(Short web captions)
[Start of section]

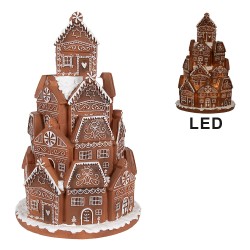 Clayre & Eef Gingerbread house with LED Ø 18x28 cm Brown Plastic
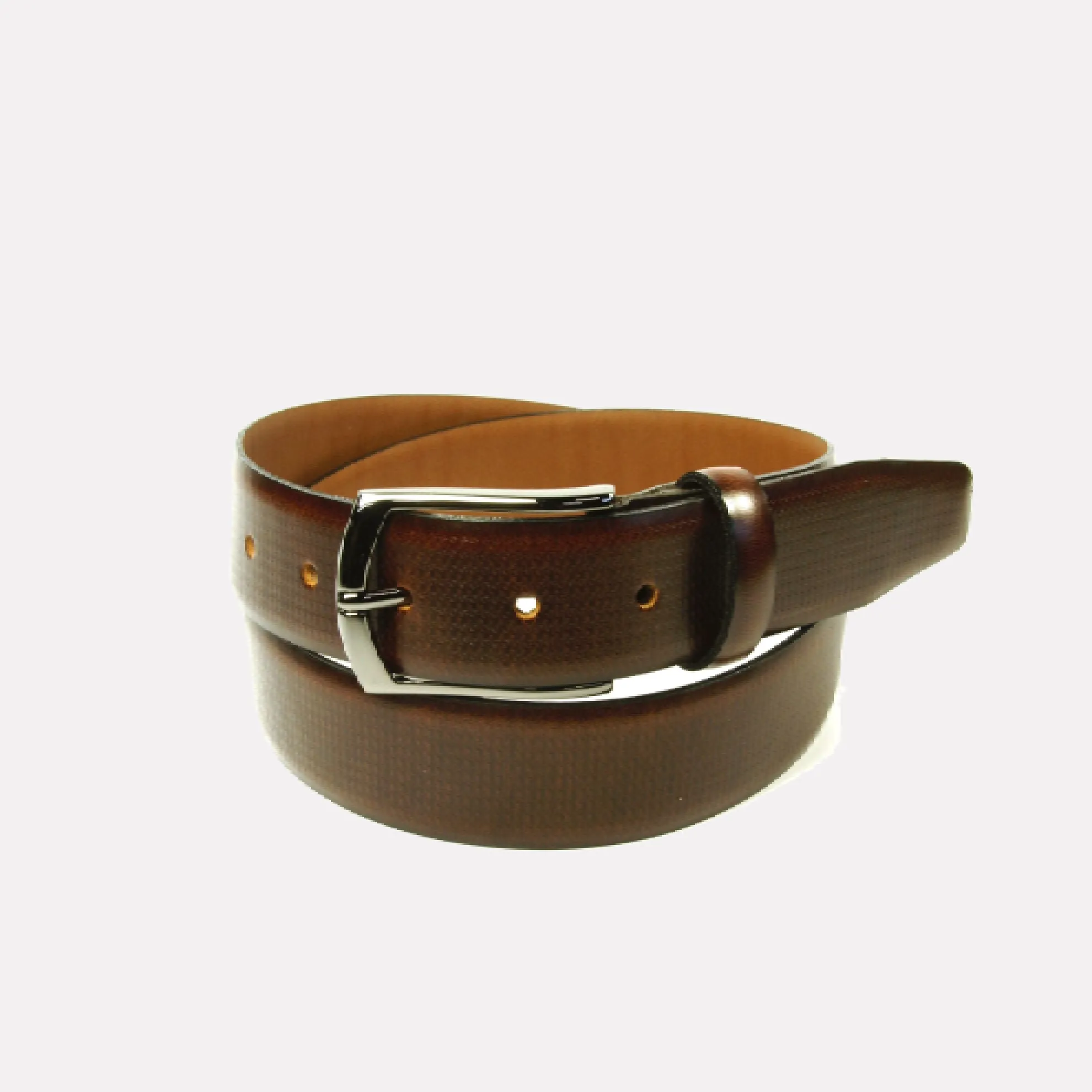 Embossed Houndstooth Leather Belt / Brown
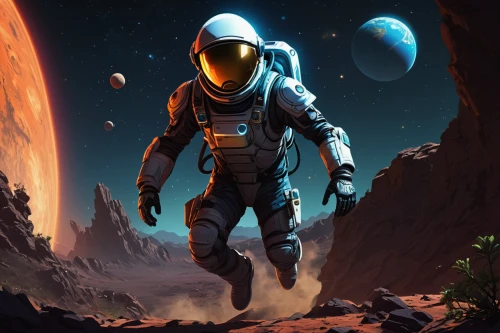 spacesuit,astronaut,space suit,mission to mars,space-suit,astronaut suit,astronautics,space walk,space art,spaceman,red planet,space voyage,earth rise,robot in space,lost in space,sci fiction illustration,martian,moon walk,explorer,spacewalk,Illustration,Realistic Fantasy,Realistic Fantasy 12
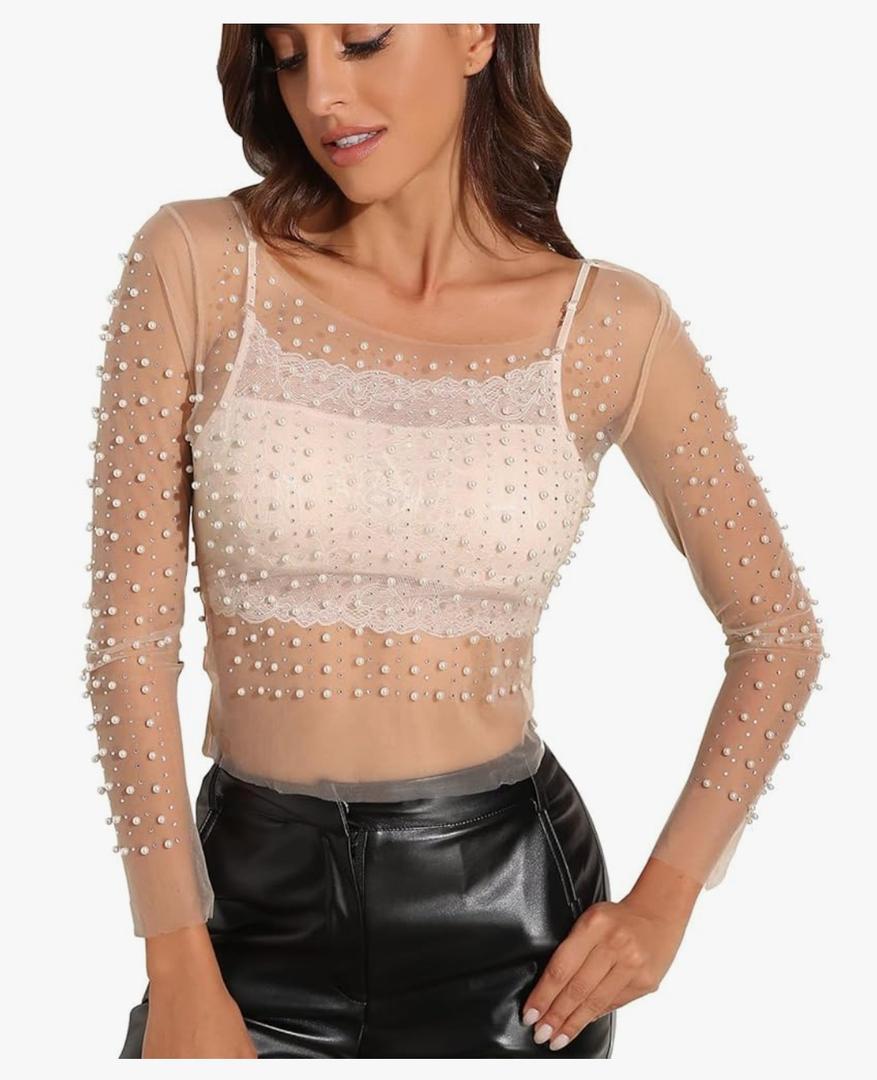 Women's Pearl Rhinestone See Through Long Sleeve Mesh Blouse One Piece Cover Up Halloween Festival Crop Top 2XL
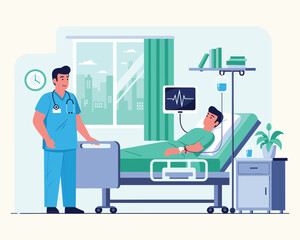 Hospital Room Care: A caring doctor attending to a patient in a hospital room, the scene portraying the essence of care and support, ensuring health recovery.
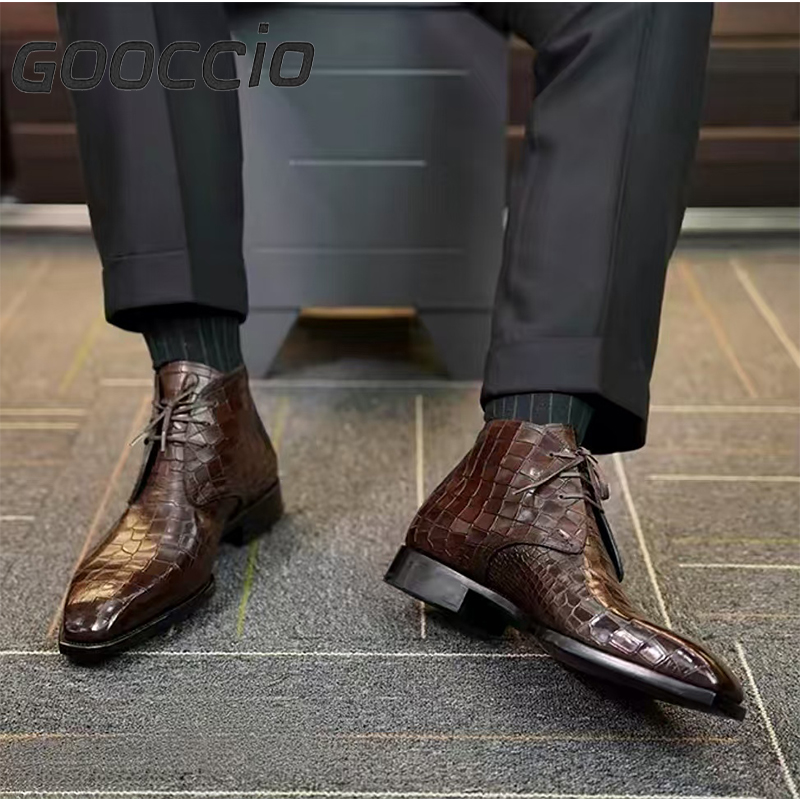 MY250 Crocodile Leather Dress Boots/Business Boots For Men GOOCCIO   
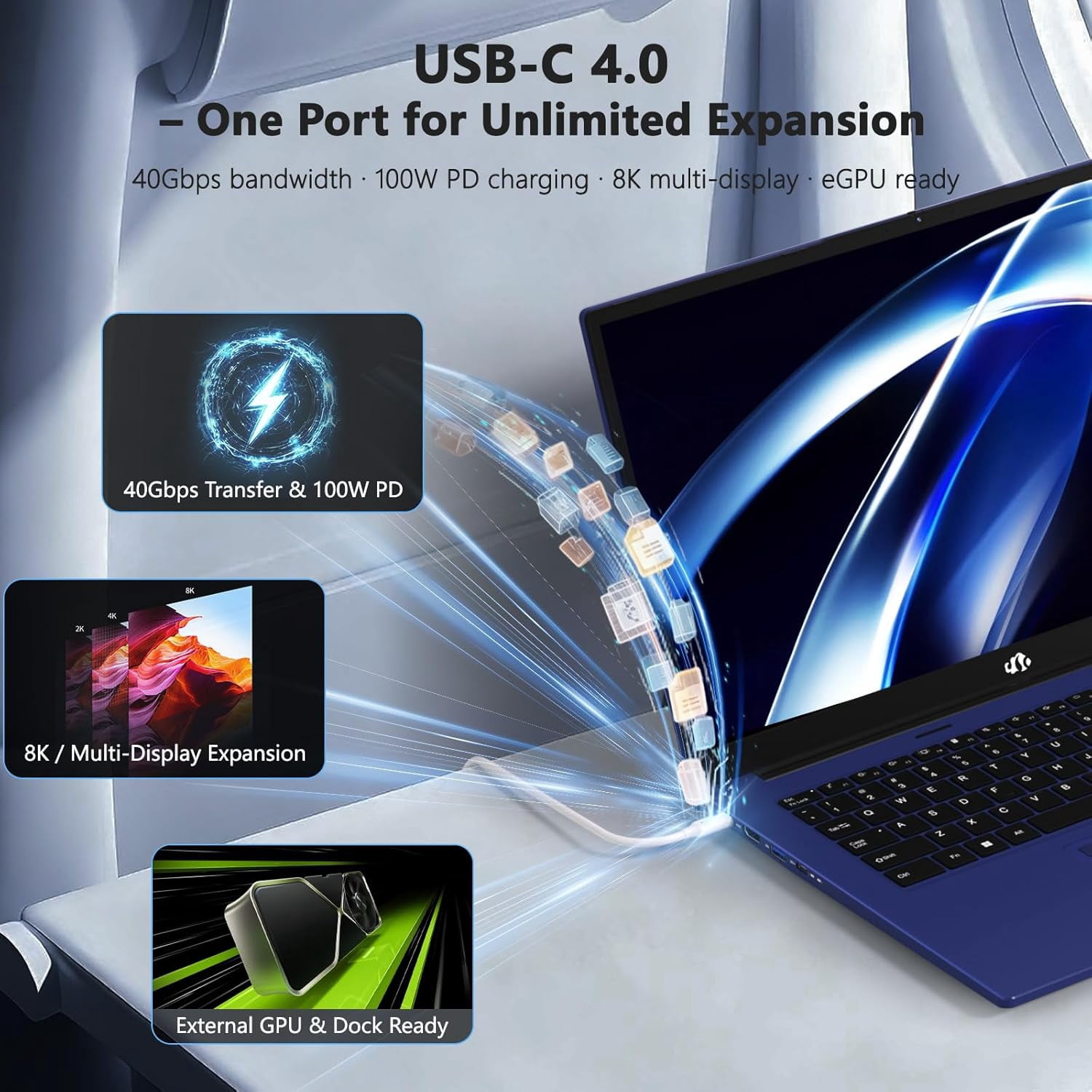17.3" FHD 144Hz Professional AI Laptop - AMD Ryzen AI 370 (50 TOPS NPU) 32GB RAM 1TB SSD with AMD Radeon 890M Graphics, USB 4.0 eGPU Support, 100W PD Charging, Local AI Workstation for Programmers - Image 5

[End of section]

* [BRIEF] Final stretch of the data: repeat exactly each line from the one containing "MY250 Crocodile Leather" through the last, and omit all pictures.

* [RESULT]
 MY250 Crocodile Leather Dress Boots/Business Boots For Men GOOCCIO   
17.3" FHD 144Hz Professional AI Laptop - AMD Ryzen AI 370 (50 TOPS NPU) 32GB RAM 1TB SSD with AMD Radeon 890M Graphics, USB 4.0 eGPU Support, 100W PD Charging, Local AI Workstation for Programmers - Image 5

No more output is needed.